Stale endpoints (policy enforcement = ingress)

DL bit for IP2→L3Out→IP1 refreshes aging on leaf1 but not the entry itself (VTEP to leaf3) ⇒ IP2 stale

There is no bounce on leaf2, because L3Out does not learn EP (IP2) ⇒ formally there is no EP move

Solution:

manual clear
enforce subnet check + remove BD subnet (removes EP by EP announce)

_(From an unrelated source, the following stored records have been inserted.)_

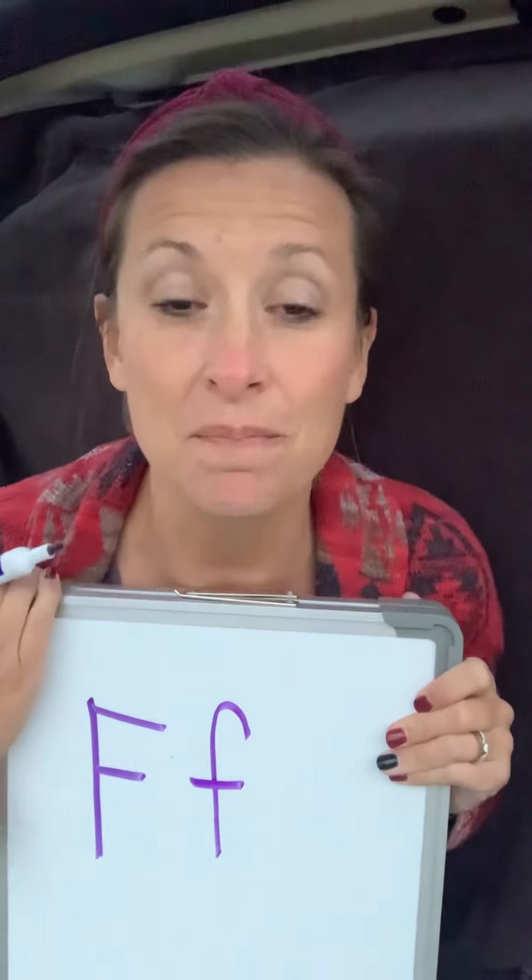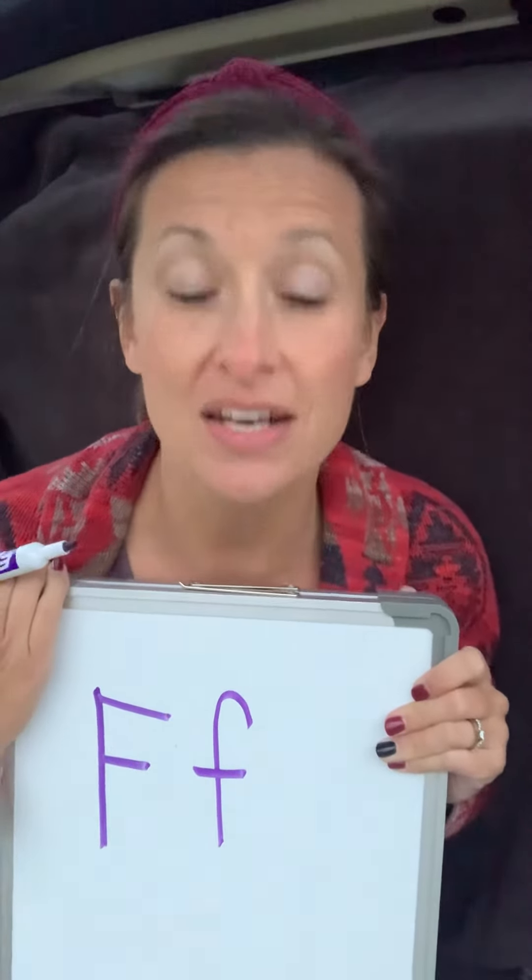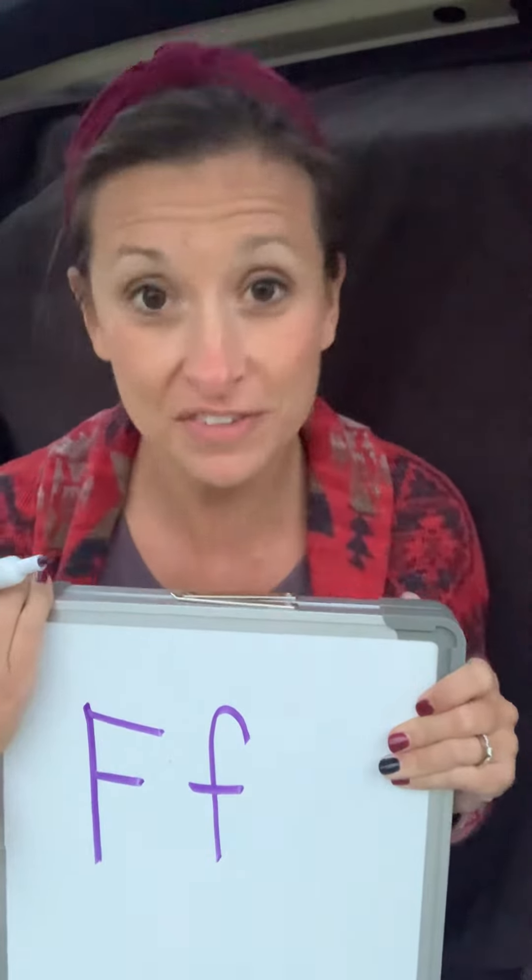The letter F makes this sound: F, F, F. Can you do that? F, F, F. Very good.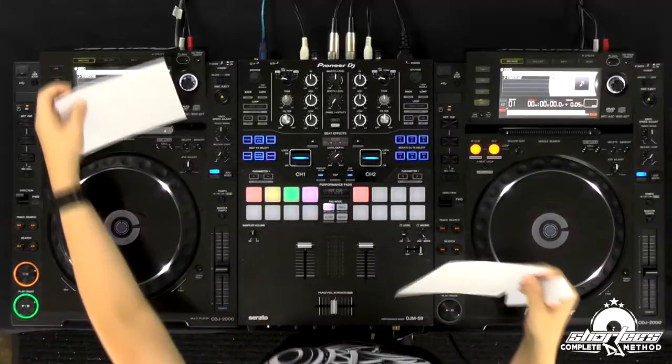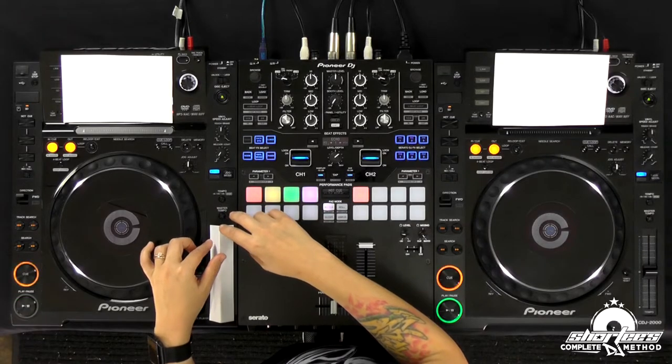We're going to cover the screens and everything, because even though they're two different songs with the same BPM, we'd still be able to tell by cheating. So I'm covering this and this — if you have the computer in front of you, cover that. I'm not going to look. There it is. I don't know where it is, you don't know where it is, no one knows where it is, and now we're going to beat match this one to this one.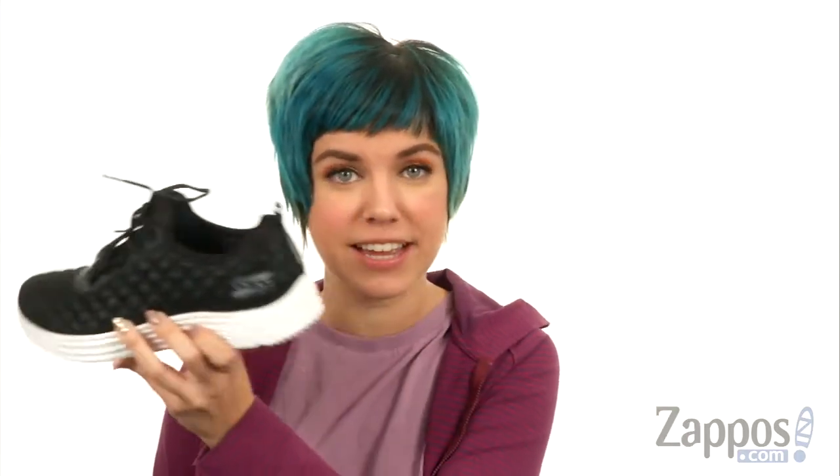It's pretty much like a strobe light because one second you're here, the next second you're there. It's like a flash of light constantly. They're by Bob's from Skechers.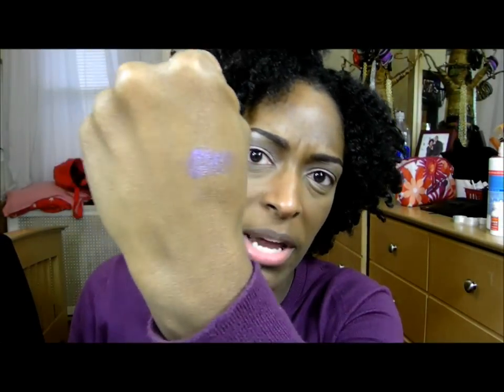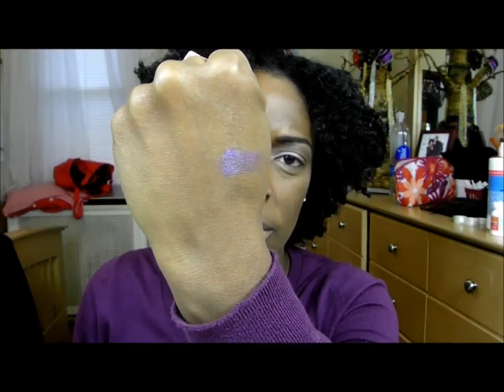The second color I got was Legacy, which is a very, very nice purple. It's like a nice shimmery purple — you can kind of see it on my hand. It's very nice, not too shimmery. And then the next one I got is Divine Wine, which is like a burgundy — a matte burgundy color.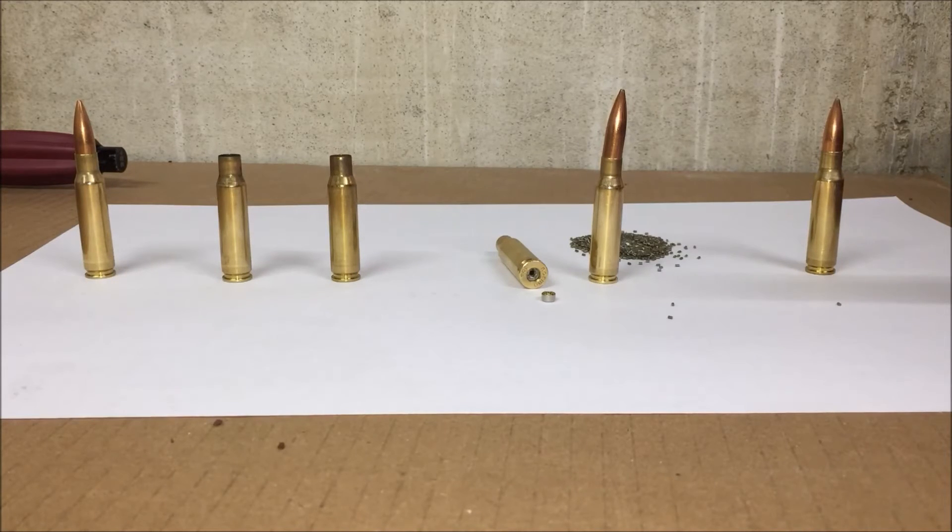Like this video, let me know if you have any comments, and subscribe to my channel so you can see some of the equipment and the steps in the reloading process. Thank you.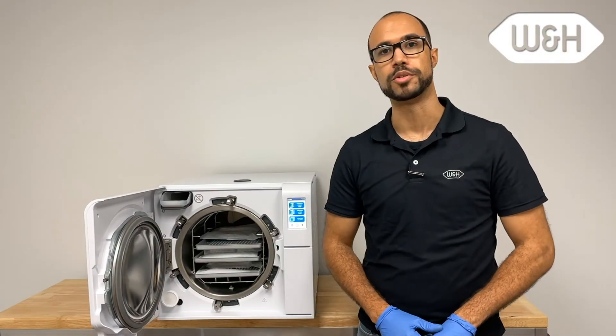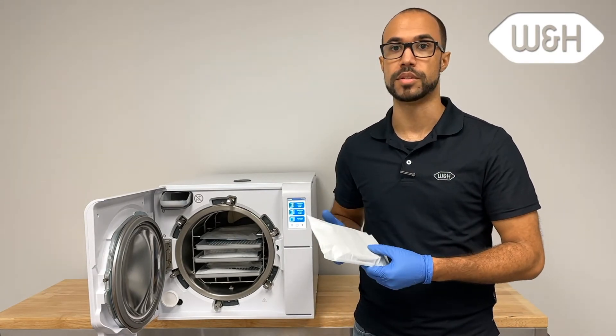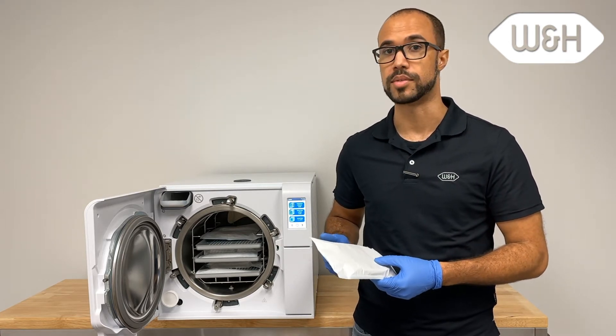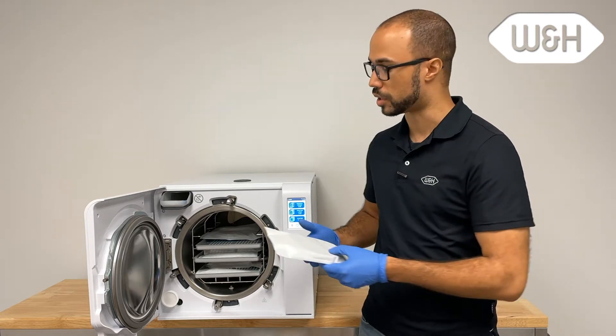When loading the pouches, it's important to load pouches paper side up. This facilitates drying during the Lexa's vacuum assisted drying cycle. It's also best practice to not overlap your pouches. Load wrapped instruments onto the tray inserts.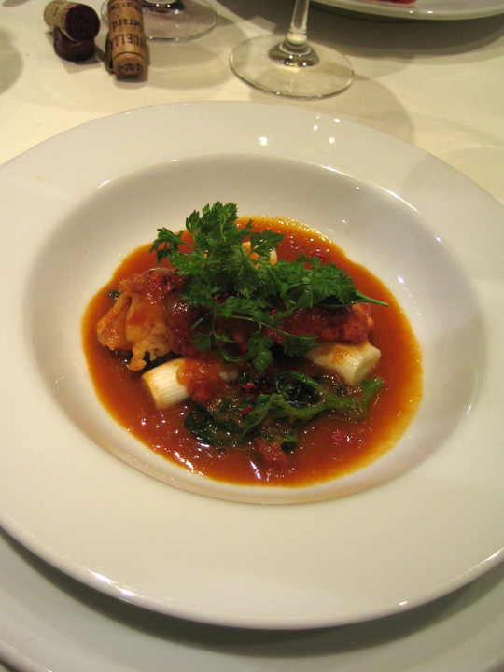As with many other classic dishes, the original recipe has been adapted over time and almost every chef will prepare the sauce in a slightly different way.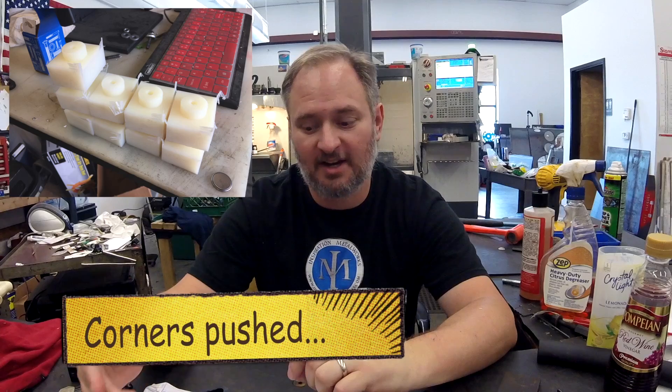Now, most people when they're worried about cutting something new, they go shallower on their cuts, they go easier on the cuts. Plastic needs to be aggressive. You have to get the blade or the cutting part of the tool into the material. Otherwise, you end up pushing the material instead of cutting it, because plastic is more flexible.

If IP1 sends traffic only to L3Out, then DL bit is set so no remote EP entries are created. IP1 → IP2 creates remote EP on leaf3

IP1 → L3Out refreshes aging on leaf3 without refreshing VTEP (DL bit). After bounce on leaf1 expires, L3Out → IP1 is blackholed

Solution:

disable remote EP learn
EP Announce (after bounce expires)

Underlay

unnumbered intf, only loopbacks are numbered (/32 to VTEP, vPC VIP, APIC, spine proxy IP)
L1 IS-IS, system ID from reserved PTEP (10.0.128.70 → 46:80:00:0A:00:00)
common RIB with OOB mgmt in Linux kernel
at least /22 subnet, /16 recommended; change only via fabric reset
port tracking: on uplink loss on leaf downlink is disabled ⇒ hosts are made to switch NIC
supports BFD
leafs have anycast fabric VTEPs for connection with vSwitch
all intf routed, connection via subints in VLAN2 (subint ID not fixed)
000C.0C0C.0C0C – MAC for every fabric intf on spine, 0D0D.0D0D.0D0D – on leafs
loopback 0 = PTEP

; VTEP roles
# show isis dteps vrf overlay-1

Overlay

VXLAN identifies VRF, BD ID (for mcast and IPv6), EPG (VXLAN-GPO)
flod&learn:
- only 2 hosts in BD
- silent host even for ARP request
- cannot lose initial packet from host
ARP gleaning: ARP request about unknown IP
if HW proxy does not know EP location – drop ≡ silent host issue ( ARP flooding → HW proxy switch requires refresh on host)
endpoint loop protection: endpoint flap (default: 4 times in 60s) → port disable or BD EP learning disable
VRF leaking on ingress leaf (has necessary routes + VNID from target VRF)
class ID ≡ pcTag ≡ SGT
global station table (GST): IP/MAC to remote VTEP mapping, conversation-based, COOP DB subset
local station table (LST): IP/MAC local
UDO 48879

iVXLAN

 0                   1                   2                   3
 0 1 2 3 4 5 6 7 8 9 0 1 2 3 4 5 6 7 8 9 0 1 2 3 4 5 6 7 8 9 0 1
+-+-+-+-+-+-+-+-+-+-+-+-+-+-+-+-+-+-+-+-+-+-+-+-+-+-+-+-+-+-+-+-+
|  VXLAN flags  |R|D|E|S|D| Rsv |            Source             |
+               | |L| |P|P|     |            group              +
+-+-+-+-+-+-+-+-+-+-+-+-+-+-+-+-+-+-+-+-+-+-+-+-+-+-+-+-+-+-+-+-+
|                     VNID                      |   Reserved    |
+-+-+-+-+-+-+-+-+-+-+-+-+-+-+-+-+-+-+-+-+-+-+-+-+-+-+-+-+-+-+-+-+

DL (don’t learn) – 1 = disable remote learning for this packet
E (exception) – 1 = leaf cannot send the packet back to fabric (e.g. bounce)
SP (source policy applied)
DP (dst policy applied)
DL disables learning EP but not refreshing aging timers ⇒ stale EP

BD

BUM spreading zone
legacy mode: EPG ≡ EPG ≡ VLAN in HW
flood in encapsulation:
1. BUM and control plane – only within VLAN (not BD), exactly FD_VLAN
2. proxy ARP for traffic between VLAN
3. does not support IPv6 and mcast routing
if unicast routing disabled, dataplane EP learning via ARP remains (subnets have no effect)
disabling unicast routing or removing subnet – trigger EP announce for IP EP to remove it from leafs where BD is not deployed
disabling IP data plane learning disables only IP learning + sets DL bit in iVXLAN
limit local IP learning to subnets: does not learn IP outside the subnet; does not impact MAC learning or remote EP
subnet in BD ≡ subnet in EPG, except for leaking
platform-independent VLANs were needed between Broadcom ASIC (front ports) and Cisco ASIC (fabric port, VXLAN)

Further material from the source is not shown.